Esztena, disparue dans Paris, s'est évanouie de son pays natal de Fels, qu'elle a peut-être fui. Son cousin, parti à sa recherche, l'imagine endormie chez un prétendu comte belge qui, espère-t-il avec délices, la garderait prisonnière. Le " comte ", ou plutôt son compagnon, le cynique Audin, mène le trop innocent narrateur aux portes d'un autre menteur, qui prétend, lui, faire écouter aux survivants les gémissements des morts dans les caves d'un pavillon de banlieue.

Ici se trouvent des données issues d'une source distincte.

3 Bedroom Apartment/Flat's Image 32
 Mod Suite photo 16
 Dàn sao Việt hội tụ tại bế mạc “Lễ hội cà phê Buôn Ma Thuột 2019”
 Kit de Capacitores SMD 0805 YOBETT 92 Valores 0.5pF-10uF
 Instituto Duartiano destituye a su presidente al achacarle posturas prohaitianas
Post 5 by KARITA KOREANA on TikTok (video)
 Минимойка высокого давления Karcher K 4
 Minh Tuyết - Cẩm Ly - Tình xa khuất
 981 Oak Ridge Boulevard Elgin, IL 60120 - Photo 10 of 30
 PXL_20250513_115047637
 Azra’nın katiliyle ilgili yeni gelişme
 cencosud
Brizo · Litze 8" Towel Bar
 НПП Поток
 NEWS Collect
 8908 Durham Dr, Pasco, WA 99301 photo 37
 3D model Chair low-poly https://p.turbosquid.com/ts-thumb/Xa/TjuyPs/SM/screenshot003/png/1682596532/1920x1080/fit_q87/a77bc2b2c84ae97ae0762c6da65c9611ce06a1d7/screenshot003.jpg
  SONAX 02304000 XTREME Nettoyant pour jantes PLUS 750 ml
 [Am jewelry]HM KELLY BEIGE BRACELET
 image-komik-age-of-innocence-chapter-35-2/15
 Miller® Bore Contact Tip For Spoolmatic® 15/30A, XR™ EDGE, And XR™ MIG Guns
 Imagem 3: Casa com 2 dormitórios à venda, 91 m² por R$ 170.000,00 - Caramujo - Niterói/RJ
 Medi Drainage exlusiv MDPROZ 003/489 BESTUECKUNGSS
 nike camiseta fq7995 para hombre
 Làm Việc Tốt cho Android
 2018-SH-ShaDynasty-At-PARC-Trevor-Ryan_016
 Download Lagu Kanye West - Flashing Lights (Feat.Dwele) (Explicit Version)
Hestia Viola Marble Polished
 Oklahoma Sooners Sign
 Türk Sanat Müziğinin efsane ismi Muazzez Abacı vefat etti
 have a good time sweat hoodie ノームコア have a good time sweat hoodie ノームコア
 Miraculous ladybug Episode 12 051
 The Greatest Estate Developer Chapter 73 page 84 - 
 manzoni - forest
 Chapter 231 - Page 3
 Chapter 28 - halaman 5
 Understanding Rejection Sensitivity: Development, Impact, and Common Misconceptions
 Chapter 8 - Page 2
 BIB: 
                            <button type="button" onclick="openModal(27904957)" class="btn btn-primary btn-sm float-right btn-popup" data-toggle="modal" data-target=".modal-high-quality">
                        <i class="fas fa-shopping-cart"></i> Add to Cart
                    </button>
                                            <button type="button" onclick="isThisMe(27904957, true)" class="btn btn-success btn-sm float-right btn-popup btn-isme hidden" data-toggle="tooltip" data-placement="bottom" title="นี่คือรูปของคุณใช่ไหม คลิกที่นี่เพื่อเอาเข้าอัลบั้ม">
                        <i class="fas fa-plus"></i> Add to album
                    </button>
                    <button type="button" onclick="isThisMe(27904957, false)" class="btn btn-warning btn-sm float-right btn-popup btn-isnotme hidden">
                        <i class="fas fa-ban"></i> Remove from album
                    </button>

Comme s'il relisait pour soi les pages d'un journal intime, inscrites dans un ailleurs mythologique, le narrateur s'obstinera à suivre d'autres voix : celles, sourdes, qui occupent ses rêves ; et n'aura de cesse d'appréhender la distance qui les sépare de la réalité. Solidaire, il s'abandonnera peut-être au comte pour rejoindre, dans l'ivresse, Esztena, en son lieu de disparition, à moins que ne survienne le silence d'un sommeil définitif.
Dans ce roman, qui signe une réconciliation attendue avec l'art perdu de la fable, l'imaginaire à l'œuvre se fait promesse d'une singularité littéraire. Sommeil est le deuxième roman d'Anne-Sylvie Salzman après Au bord d'un lent fleuve noir (éd. Joëlle Losfeld, 1997).